I will, however, take this opportunity to introduce my team. Yay, I have a team!!! I do!!!


First off, meet my literary agent, Sheree Bykofsky, of Sheree Bykofsky Associates. She now lists The Story of Q: A GenderQueer Tale, by Allan Hunter, as one of the books her agency represents.

I first interacted with Sheree Bykofsky and her agency in October of 2013. Hers was the first agency to indicate a serious interest in the book, and they asked me to submit a formal book proposal. I did not have one. I was given some examples and general instructions on how to assemble a formal nonfiction book proposal, and that proposal, with occasional minor modifications, was the proposal I sent out a total of 163 times.

Sheree Bykofsky Associates ultimately decided not to represent my book in 2013, probably for legitimate reasons (it was still pretty rough around the edges—something that's easier for me to see in hindsight after it's been revamped and polished a few times).

I did not, in fact, ever succeed in luring any literary agent into representing my book until after I had secured a publishing offer from EC Books through a direct query. That, also, is probably for legitimate reasons. My book is a narrowly tailored book, a niche book for the most part, although there could not be a better time to be coming out with a book about an additional and different gender identity. It's at least momentarily a trendy social topic. Even so, it's not a mainstream book of the sort you'd pick up at the Penn Station bookstore while waiting for your train.

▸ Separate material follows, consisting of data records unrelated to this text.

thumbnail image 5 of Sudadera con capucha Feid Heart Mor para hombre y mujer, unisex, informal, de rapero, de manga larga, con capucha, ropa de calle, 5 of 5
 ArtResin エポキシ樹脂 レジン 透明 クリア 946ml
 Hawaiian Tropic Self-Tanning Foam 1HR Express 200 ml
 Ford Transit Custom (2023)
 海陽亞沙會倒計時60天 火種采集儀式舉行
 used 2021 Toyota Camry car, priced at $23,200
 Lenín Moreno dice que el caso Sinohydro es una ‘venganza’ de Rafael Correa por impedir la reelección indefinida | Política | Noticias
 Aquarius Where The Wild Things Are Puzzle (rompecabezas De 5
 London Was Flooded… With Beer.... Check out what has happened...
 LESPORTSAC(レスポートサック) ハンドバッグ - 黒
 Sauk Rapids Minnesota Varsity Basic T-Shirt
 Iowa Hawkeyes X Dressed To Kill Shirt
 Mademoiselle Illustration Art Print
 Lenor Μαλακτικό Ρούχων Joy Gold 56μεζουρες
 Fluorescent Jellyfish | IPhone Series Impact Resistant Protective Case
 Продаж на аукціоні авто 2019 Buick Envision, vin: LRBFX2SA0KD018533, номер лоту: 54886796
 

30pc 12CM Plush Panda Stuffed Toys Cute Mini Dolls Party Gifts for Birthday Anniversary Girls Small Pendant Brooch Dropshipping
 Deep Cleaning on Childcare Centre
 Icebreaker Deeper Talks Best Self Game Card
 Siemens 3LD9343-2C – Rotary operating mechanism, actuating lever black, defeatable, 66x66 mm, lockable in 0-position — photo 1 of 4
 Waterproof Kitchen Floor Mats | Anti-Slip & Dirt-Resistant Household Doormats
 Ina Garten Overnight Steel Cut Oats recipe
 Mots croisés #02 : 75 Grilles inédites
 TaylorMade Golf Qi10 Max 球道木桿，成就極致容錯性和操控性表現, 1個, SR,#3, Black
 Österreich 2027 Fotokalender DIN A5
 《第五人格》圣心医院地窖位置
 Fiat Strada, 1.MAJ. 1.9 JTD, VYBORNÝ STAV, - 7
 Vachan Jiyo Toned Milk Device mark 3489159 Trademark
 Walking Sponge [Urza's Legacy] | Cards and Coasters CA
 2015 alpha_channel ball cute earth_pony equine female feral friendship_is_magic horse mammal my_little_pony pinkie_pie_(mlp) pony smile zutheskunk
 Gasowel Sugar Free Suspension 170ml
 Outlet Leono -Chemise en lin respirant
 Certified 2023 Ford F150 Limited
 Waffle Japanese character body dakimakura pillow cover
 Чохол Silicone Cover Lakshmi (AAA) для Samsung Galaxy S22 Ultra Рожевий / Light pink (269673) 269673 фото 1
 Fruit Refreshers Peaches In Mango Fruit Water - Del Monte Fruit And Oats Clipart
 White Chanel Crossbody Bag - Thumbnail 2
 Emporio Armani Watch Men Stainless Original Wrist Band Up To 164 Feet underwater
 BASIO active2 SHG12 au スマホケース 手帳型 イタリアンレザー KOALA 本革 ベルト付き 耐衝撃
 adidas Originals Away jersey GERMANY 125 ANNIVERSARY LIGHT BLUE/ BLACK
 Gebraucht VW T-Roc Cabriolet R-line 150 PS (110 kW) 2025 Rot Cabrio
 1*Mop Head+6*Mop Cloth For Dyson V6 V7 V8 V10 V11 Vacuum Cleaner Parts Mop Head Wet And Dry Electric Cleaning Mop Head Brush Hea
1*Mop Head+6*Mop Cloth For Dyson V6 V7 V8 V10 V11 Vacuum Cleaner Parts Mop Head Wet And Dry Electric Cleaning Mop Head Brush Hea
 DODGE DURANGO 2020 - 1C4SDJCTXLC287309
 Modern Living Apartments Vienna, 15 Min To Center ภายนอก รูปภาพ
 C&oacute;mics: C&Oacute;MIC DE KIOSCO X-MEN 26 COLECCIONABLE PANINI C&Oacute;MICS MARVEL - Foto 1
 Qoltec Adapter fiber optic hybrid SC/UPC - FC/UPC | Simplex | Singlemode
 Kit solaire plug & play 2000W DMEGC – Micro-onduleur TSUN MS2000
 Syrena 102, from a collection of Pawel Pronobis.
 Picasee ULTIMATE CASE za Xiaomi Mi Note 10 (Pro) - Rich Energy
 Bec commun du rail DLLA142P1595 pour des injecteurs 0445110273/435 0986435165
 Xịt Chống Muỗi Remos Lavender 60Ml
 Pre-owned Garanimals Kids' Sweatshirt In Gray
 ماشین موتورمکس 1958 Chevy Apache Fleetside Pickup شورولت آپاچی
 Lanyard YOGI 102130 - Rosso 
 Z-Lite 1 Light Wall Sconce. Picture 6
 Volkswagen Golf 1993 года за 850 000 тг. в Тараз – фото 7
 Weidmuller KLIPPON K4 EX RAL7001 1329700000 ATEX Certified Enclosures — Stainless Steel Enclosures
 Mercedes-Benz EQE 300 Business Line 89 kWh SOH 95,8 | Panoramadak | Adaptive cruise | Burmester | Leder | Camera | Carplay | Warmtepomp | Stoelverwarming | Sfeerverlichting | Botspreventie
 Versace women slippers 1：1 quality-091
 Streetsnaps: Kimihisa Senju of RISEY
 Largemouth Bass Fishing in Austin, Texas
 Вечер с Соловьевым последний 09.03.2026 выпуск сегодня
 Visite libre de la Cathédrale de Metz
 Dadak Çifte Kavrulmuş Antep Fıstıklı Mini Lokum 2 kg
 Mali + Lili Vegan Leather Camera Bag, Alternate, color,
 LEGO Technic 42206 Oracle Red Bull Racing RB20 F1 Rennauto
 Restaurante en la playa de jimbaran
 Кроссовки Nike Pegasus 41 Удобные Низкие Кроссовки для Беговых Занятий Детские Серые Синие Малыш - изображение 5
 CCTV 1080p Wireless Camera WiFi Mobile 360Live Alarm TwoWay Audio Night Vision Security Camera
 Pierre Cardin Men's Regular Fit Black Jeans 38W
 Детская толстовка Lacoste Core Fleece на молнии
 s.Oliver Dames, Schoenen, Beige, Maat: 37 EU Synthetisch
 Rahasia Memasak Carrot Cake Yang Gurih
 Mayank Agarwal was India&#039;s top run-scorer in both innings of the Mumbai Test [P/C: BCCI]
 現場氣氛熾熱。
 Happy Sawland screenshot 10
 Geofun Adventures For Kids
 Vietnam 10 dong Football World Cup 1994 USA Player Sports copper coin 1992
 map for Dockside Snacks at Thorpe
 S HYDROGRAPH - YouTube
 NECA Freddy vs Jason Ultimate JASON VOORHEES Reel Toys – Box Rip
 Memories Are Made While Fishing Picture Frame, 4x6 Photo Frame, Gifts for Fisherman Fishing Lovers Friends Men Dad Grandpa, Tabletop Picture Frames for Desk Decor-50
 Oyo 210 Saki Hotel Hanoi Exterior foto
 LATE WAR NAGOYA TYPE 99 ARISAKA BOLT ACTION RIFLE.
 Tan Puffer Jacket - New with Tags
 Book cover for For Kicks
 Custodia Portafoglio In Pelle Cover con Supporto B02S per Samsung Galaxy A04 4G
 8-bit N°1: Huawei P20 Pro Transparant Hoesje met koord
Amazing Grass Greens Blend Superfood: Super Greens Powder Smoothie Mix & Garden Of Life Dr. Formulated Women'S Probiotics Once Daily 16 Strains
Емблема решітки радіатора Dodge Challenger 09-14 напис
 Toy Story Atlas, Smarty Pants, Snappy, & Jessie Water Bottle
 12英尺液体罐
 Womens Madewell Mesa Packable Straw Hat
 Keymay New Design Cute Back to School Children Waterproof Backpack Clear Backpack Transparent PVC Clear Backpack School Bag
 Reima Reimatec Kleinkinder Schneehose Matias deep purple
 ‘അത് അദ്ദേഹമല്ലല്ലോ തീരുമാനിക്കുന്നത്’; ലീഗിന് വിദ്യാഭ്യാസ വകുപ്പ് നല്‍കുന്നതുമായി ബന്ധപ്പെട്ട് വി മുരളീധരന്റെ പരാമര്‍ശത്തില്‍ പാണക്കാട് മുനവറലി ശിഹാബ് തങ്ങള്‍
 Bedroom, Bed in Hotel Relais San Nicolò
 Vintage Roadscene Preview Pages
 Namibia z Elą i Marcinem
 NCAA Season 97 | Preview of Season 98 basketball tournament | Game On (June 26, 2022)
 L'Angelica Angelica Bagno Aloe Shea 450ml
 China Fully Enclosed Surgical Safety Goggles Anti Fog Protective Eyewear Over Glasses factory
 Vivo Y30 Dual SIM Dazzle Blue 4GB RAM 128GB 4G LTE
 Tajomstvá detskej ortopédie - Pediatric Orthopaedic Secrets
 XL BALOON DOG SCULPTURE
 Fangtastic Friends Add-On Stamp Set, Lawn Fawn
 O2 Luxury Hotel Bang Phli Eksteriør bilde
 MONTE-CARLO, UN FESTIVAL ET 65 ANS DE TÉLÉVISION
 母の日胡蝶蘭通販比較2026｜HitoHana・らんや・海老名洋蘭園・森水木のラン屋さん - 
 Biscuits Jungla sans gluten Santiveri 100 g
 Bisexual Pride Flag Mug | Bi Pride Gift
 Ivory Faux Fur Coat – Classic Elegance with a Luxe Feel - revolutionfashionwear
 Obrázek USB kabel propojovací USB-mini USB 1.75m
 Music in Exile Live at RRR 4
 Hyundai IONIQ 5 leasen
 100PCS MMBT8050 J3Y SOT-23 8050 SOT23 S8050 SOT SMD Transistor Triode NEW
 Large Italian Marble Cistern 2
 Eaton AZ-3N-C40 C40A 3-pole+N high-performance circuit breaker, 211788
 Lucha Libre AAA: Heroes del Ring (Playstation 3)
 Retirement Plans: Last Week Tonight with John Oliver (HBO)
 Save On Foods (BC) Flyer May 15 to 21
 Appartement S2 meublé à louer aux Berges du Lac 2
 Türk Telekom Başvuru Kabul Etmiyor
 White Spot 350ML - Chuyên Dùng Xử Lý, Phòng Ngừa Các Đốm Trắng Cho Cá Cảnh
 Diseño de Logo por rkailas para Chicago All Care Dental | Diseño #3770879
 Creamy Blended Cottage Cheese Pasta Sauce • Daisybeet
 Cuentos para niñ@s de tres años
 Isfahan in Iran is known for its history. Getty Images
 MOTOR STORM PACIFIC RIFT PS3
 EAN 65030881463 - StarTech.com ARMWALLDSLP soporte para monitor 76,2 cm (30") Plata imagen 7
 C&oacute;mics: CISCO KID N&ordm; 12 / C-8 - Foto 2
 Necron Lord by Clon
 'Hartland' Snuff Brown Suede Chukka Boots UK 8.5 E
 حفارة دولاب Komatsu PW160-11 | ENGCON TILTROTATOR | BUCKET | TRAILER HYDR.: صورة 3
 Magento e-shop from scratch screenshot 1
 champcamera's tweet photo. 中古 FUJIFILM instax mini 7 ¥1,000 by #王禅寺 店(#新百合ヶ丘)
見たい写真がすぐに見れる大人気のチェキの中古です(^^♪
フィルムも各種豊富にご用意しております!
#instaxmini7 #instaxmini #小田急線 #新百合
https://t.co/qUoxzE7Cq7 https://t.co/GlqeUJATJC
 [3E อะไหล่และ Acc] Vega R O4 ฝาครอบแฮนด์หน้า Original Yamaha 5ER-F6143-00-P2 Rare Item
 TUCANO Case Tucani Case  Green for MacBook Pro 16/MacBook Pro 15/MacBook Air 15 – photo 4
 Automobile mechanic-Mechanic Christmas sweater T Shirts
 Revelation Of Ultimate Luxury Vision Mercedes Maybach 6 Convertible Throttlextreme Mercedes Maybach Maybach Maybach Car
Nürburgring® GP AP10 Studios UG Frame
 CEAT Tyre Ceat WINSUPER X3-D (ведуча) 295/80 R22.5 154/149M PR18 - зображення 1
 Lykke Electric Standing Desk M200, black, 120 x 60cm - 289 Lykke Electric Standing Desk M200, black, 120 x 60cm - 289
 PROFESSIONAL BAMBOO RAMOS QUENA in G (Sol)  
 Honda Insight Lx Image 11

The reason I wanted a literary agent ANYWAY was that I'm a total newbie and I wanted someone who could tell me when I was being reasonable and when I was not, and when my publisher was establishing normal industry-standard contract terms and when they were going pretty far afield of that. And how to express my wishes and concerns in such a way that I'd be most likely to get the concessions I wanted without making the publisher regret having decided to have anything to do with such a prima donna.

Sheree Bykofsky has been wonderfully supportive, available to me as someone I can write back and forth to informally and openly, and who will then don her professional persona and craft business letters, negotiating on my behalf, protecting my interests.



Then I sought out and found a publicist. I'd been warned away from doing so by many authors, including the opinionated crew at Absolute Write Water Cooler as well as several bloggers, warning me that they often don't do much that an author could not do on their own to publicize a book, and that some of them aren't very ethical and just run off with the author's money. Yeah yeah, I appreciated the warnings, but I know where my talents lie and where they do not. The publicizing of my book could not possibly be in worse hands than my own. I could go up to a randomly chosen homeless person on the sidewalks of New York and hire them and the project would be better off than with me relying on my own skills.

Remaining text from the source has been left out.